*Your instructions*: From start to end, write out the following data exactly, apart from its images.

*Data for this task*:
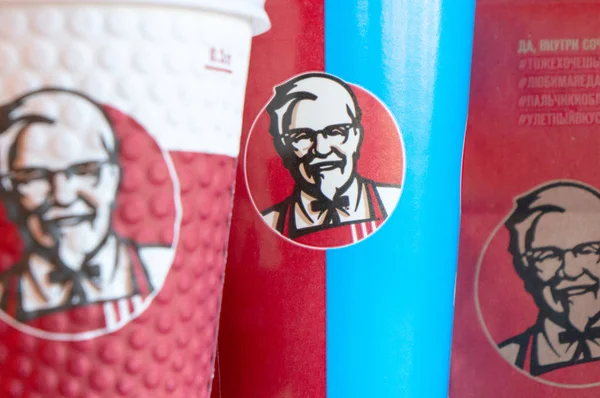 Mosca, Russia, 11 ottobre 2018: Caffè in bicchieri di carta con logo KFC sul tavolo al KFC — Foto Stock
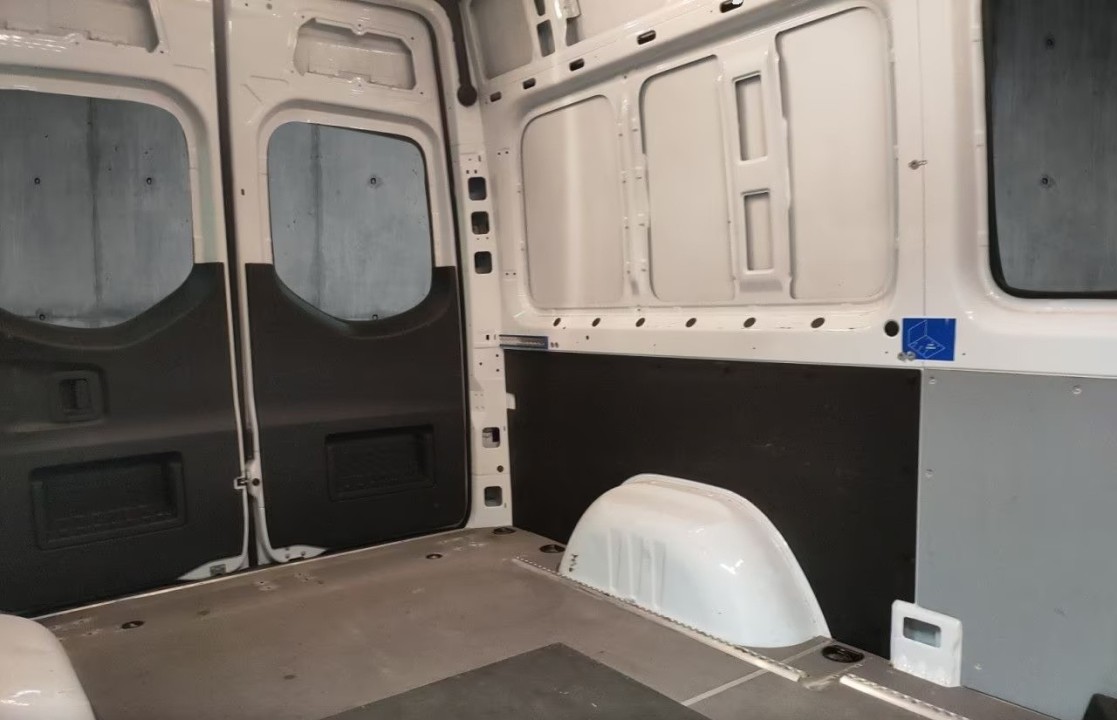 Mercedes-Benz Sprinter 317 CDI - foto 12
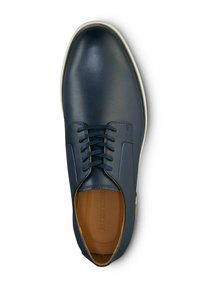Scarpa in pelle blu scuro con superficie liscia, suola bianca e interno marrone. Include un design tradizionale con lacci e sei passanti.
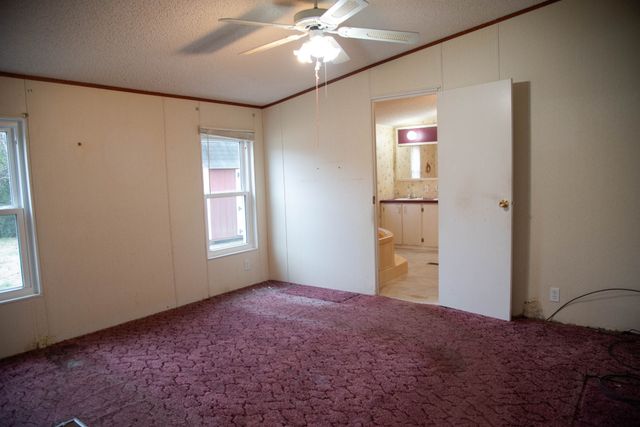 114 Camelot Dr, Hohenwald, TN 38462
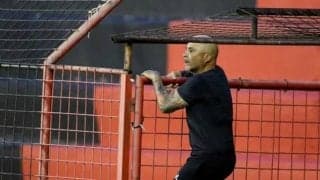 審判に激怒したサンパオリ...退席後はフェンスに登って指揮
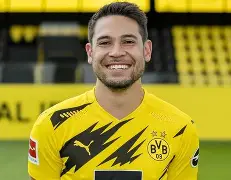 九游体育官网-离谱！今晚葡萄牙体育战术微调Rookie在DWG比赛中战术调整，Ning在FPX比赛中势不可挡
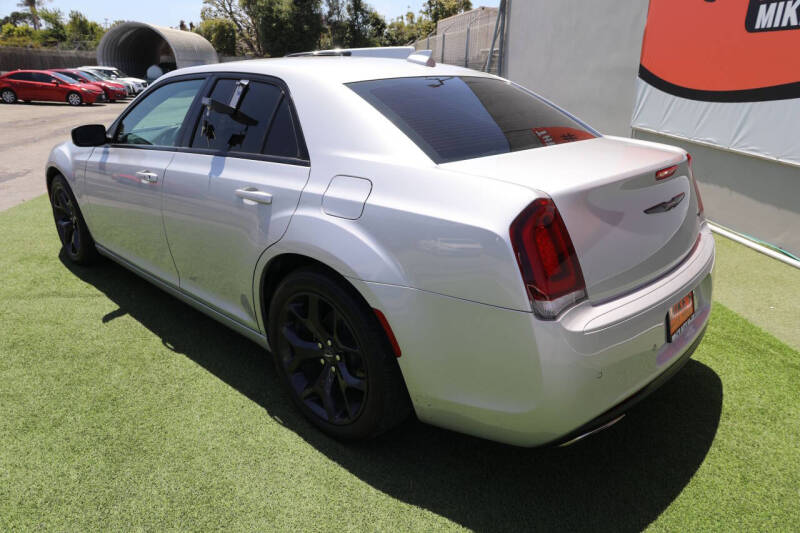 2021 Chrysler 300 S V6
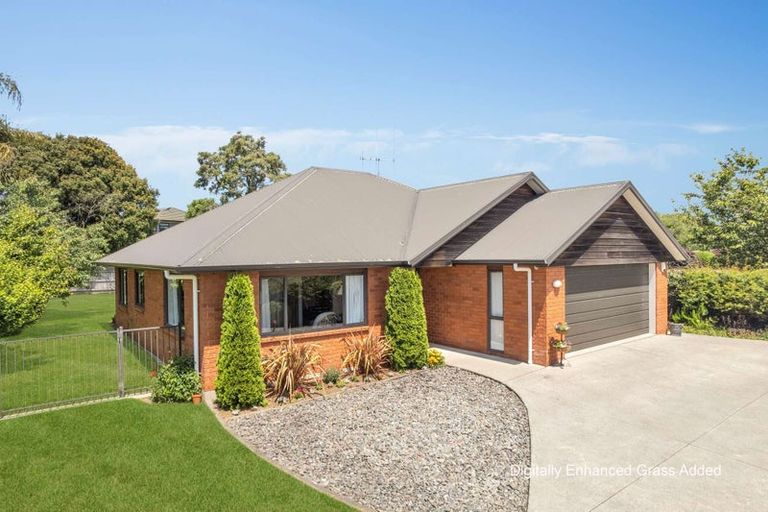 Photo of property in 8a Norfolk Drive, Cambridge, 3434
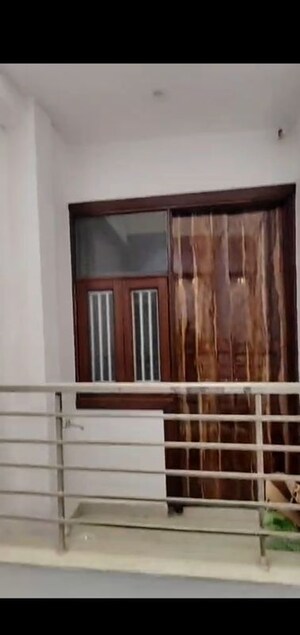 Furnished Amenities in 1 BHK Builder Floor at Nawada – for Sale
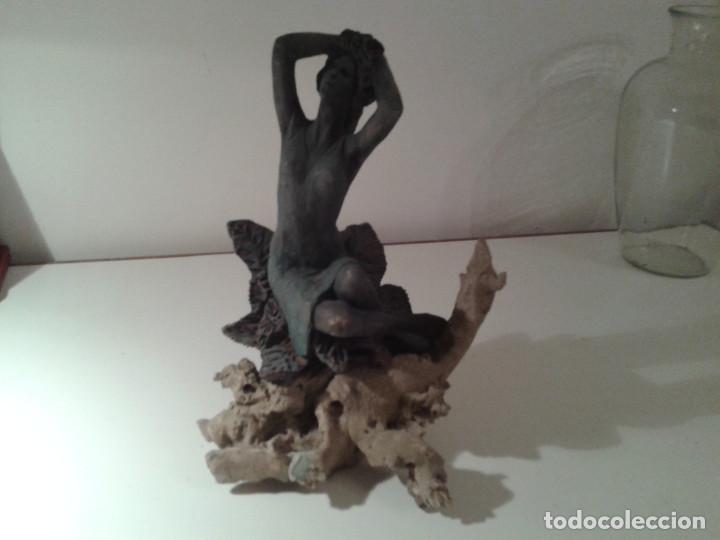 Arte: Escultura mujer metal fundido - Foto 1 - 78302577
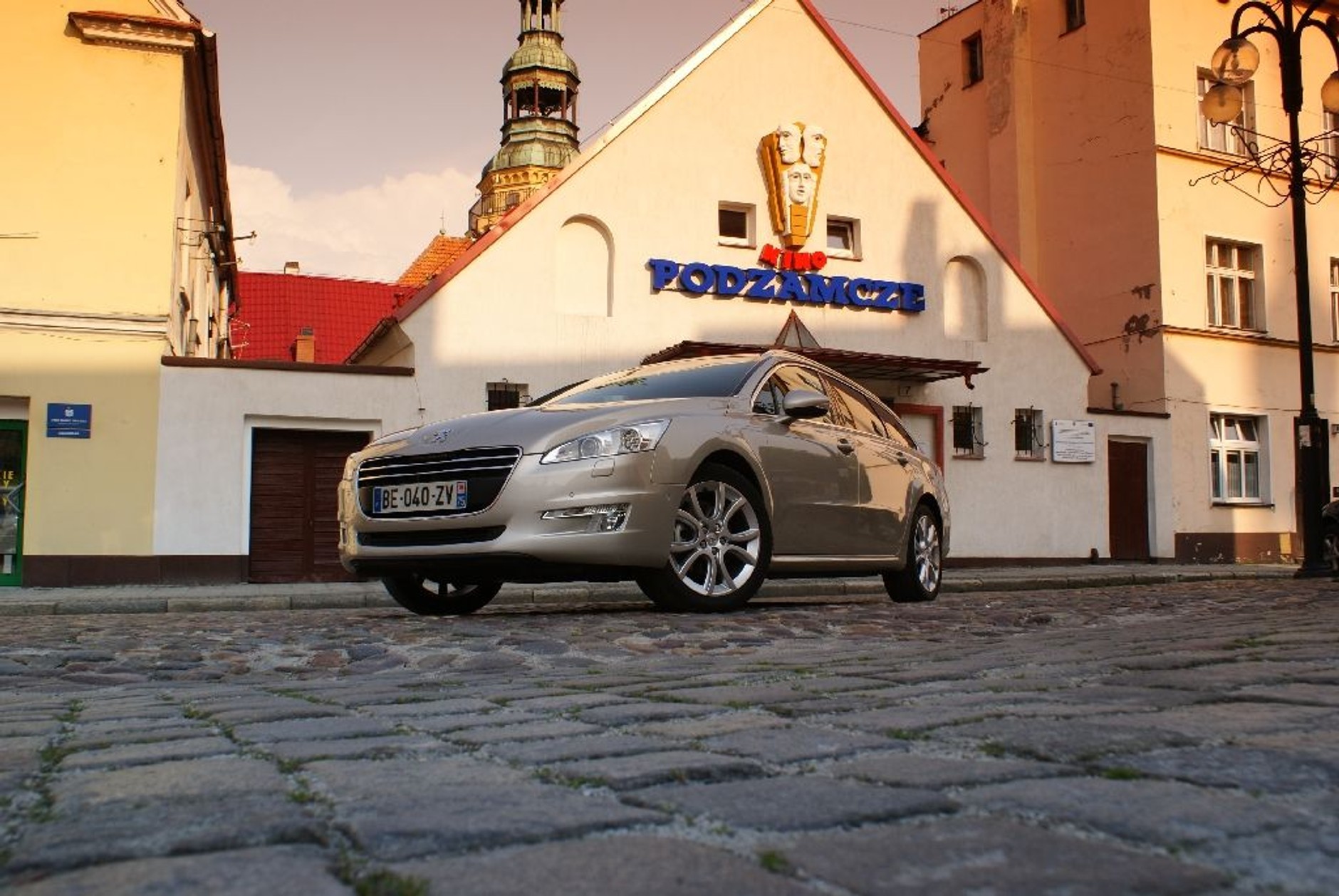 Peugeot 508 1.6 THP: lew rusza na polowanie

*Task response*:
 Mosca, Russia, 11 ottobre 2018: Caffè in bicchieri di carta con logo KFC sul tavolo al KFC — Foto Stock
 Mercedes-Benz Sprinter 317 CDI - foto 12
Scarpa in pelle blu scuro con superficie liscia, suola bianca e interno marrone. Include un design tradizionale con lacci e sei passanti.
 114 Camelot Dr, Hohenwald, TN 38462
 審判に激怒したサンパオリ...退席後はフェンスに登って指揮
 九游体育官网-离谱！今晚葡萄牙体育战术微调Rookie在DWG比赛中战术调整，Ning在FPX比赛中势不可挡
 2021 Chrysler 300 S V6
 Photo of property in 8a Norfolk Drive, Cambridge, 3434
 Furnished Amenities in 1 BHK Builder Floor at Nawada – for Sale
 Arte: Escultura mujer metal fundido - Foto 1 - 78302577
 Peugeot 508 1.6 THP: lew rusza na polowanie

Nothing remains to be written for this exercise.